The Value of High Tech Lines

[ Paraphrased from a Corsair group posting]

Line Tension

The word "taught" often gets confused with "taut." Here are some hints regarding correct
usage of the two words.

"Taught" is the past tense of "teach." Consider the following sentence: "I done teached him all I know and he still don't know nothing." You can improve the sentence by replacing the word "teached" with the word "taught," so that it reads, "I have taught him all I could, and he's still remarkably ignorant."
You can see the improvement.

Now let's look briefly at the other word. "That line was so tight that it done pulled the winch right out of the cabin top." Here, you can replace the word "tight" with the word "taut." That won't help the cabin top or the winch, though, and perhaps this sailor should have reefed earlier.

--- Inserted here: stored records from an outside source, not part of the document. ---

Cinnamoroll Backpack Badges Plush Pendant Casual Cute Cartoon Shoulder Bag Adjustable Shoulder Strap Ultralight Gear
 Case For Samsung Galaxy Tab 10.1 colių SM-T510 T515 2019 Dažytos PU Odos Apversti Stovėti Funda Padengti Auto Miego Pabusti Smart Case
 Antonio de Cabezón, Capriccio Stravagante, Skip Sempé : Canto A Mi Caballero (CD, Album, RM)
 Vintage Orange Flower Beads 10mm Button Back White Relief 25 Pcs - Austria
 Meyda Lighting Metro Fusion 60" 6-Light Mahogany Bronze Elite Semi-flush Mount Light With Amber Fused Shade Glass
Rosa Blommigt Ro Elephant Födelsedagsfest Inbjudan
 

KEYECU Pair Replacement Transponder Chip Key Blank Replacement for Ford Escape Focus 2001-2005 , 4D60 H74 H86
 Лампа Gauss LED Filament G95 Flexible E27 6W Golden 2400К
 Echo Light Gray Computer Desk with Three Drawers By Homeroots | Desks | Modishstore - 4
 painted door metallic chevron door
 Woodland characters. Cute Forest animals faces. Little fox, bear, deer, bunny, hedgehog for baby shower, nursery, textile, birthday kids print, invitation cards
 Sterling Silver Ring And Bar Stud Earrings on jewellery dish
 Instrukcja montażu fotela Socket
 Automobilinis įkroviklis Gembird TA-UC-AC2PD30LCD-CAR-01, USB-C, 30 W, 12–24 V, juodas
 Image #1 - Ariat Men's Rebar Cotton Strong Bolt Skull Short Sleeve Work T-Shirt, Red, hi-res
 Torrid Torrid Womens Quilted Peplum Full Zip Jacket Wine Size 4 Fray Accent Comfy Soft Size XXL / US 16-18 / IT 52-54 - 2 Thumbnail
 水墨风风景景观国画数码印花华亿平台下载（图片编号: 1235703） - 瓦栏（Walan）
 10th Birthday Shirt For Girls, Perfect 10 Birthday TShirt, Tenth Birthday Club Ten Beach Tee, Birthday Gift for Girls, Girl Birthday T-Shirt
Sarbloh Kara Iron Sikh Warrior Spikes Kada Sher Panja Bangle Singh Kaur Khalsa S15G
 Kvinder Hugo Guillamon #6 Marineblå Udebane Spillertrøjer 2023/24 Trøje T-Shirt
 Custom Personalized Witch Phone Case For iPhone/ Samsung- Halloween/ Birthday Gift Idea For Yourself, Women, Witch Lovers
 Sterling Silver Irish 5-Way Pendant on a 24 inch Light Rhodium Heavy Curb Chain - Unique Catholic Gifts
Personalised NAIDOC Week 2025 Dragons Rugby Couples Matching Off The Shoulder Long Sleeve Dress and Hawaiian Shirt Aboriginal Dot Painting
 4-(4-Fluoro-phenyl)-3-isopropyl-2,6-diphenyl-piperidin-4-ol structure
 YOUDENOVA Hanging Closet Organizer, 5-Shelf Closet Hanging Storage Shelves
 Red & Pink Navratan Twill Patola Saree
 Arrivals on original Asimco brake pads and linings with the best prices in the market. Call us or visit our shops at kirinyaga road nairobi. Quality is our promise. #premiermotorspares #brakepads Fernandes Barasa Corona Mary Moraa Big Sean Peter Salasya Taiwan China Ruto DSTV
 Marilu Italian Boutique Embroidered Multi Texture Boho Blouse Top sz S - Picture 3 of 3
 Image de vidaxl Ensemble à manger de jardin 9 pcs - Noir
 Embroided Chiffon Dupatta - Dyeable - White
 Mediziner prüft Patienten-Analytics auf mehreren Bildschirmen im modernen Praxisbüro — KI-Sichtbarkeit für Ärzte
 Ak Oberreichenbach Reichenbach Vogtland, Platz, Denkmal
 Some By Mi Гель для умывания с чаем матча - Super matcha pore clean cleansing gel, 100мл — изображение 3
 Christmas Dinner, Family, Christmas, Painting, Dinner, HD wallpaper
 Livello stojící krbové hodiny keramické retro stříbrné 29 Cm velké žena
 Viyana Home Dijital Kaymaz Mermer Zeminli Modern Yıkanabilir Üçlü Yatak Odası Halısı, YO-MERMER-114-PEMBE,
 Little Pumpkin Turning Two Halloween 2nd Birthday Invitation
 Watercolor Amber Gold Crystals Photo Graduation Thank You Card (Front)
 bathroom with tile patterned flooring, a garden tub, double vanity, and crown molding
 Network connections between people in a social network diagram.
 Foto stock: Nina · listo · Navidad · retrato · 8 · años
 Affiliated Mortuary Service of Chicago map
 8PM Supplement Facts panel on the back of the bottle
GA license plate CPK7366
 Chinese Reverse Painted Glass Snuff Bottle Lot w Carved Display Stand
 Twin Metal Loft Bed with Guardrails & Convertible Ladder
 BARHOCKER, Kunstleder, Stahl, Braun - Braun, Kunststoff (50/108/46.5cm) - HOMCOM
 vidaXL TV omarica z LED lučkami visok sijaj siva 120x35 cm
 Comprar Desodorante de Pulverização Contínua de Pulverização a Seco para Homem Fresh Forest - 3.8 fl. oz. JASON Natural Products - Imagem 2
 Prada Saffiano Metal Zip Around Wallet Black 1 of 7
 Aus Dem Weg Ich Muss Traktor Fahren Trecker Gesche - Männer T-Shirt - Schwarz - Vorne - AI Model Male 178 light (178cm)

But be careful, because in the next example you can't reef your sails with a simple replacement of one word for another. "I used that new gasoline-powered blender that I got from Cabela's to make a batch of margaritas, and I've been tight all day." Here, the word tight is used to mean slightly drunk, and it's a slightly out-of-date use of the expression. And yes, that store does sell that product. The engine has 2.5 HP - I'm not kidding!

One thing that you can't do is teach an old rope new tricks. Ropes are pretty stupid. Even if they're expensive ropes. So this is wrong, just plain wrong: "He cranked that winch until the line was so taught that it pulled the mast pivot fittings right out of the cabin-top when he was raising the mast."
It's wrong for several reasons. In this case the narrator alludes to the general fault, that some
teaching has been ineffective, but blames it on over-education of the rope rather than under-education
of the person.

One thing they teach in those Coast Guard classes, and if you've ever taken one then you've been taught this, is that you ought to read the directions. In this case, the Farrier or Corsair Sailing Manuals. Another thing they teach is that rope can't read, no matter how taut it is.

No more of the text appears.